This review is going to be discreet about exactly what they find (readers wanting to avoid spoilers entirely are advised to avoid the festival’s program notes). However it’s probably not giving away too much to reveal that their actress and her family are caught in a viciously unfair web of circumstance, one in which male violence and the powerlessness of women are bolstered by the might of a theocratic judicial system. The woman’s plight – made worse by her low-class status and lack of money – starkly contrasts with the filmmaking couple’s upholstered existence.

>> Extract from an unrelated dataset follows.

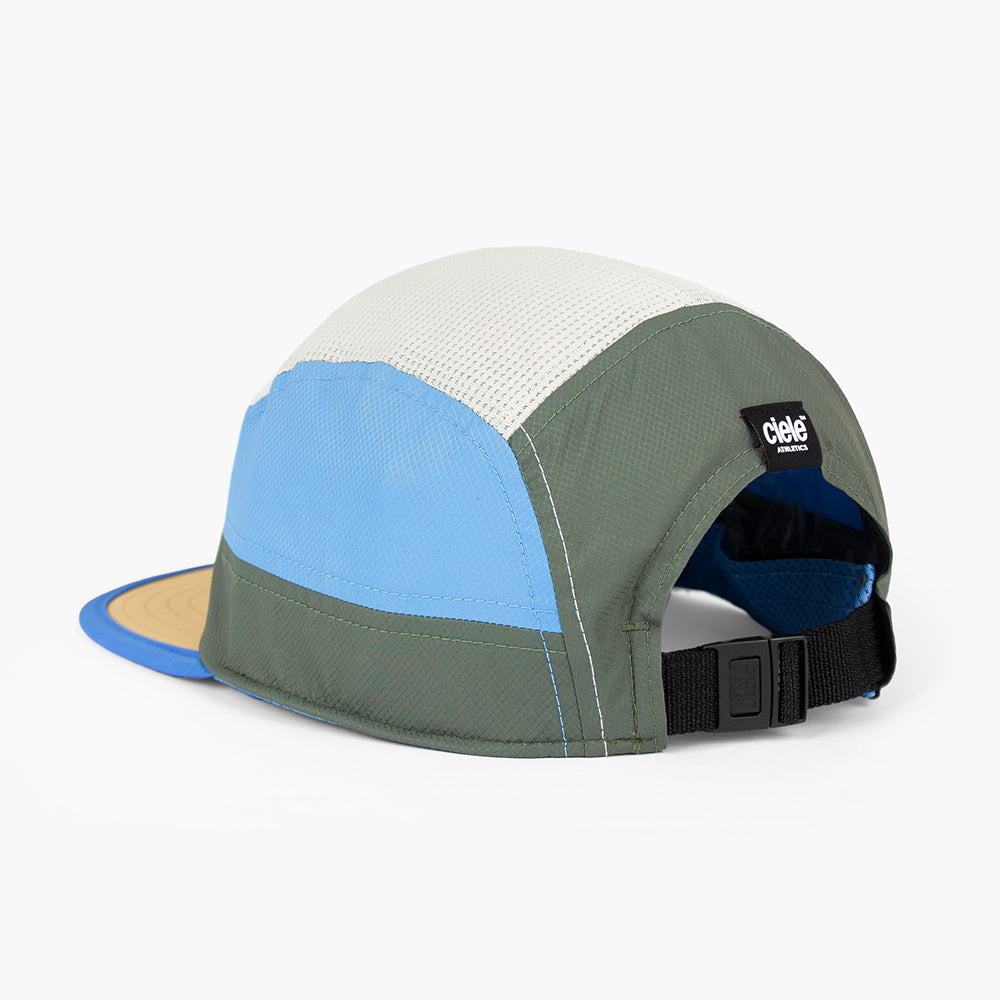 Ciele Athletics GOCap - Field - Iconic Bar - Seaweed/Rainy Day  シエルアスレチックス ゴーキャップ フィールドアイコニックバー シーウィード レイニーデイ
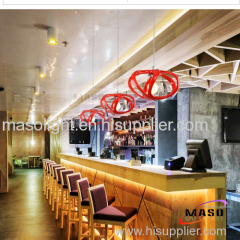 Indoor Resin Pendant Lamp Modern Suspending Lamp Branch shape inovative style energy save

This method of switching of goals mid-stream, so that the film turns out not to be what it initially looked like it was going to be about, also helped to distinguish Asghar Farhadi’s A Separation, last year’s winner of the Sydney Film Festival’s official competition and later the first Iranian film to win the Academy Award for foreign language film. That film’s title and opening scenes made it seem as if it would be a story about divorce – until events wrenched it into an unexpected direction.

While filmed in a much breezier style than we’ve been used to seeing in Iranian cinema, this film essentially continues the blend of social realism with self-reflexivity practised by older Iranian directors such as Abbas Kiarostami, it just does it in a different way. Final Whistle (the title a reference to the soccer World Cup, which takes place during the period of the story) has two filmmakers as its leading characters for a good reason.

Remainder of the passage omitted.